• [The data]:
┌──

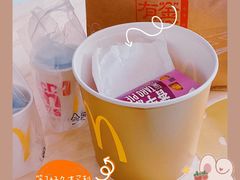 -麦当劳(山东章丘汇泉路店)
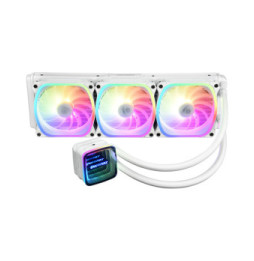 Enermax AquaFusion ADV 360 ARGB - Blanc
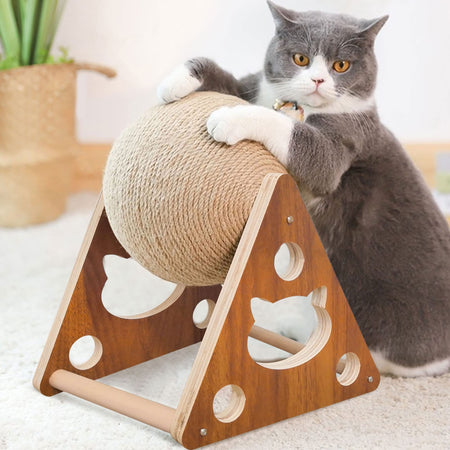 Cat Scratcher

└──

• [What you will do]:
A verbatim copy of the listing is required, with all pictures left out.

• [Solved problem]:
 -麦当劳(山东章丘汇泉路店)
 Enermax AquaFusion ADV 360 ARGB - Blanc
 Cat Scratcher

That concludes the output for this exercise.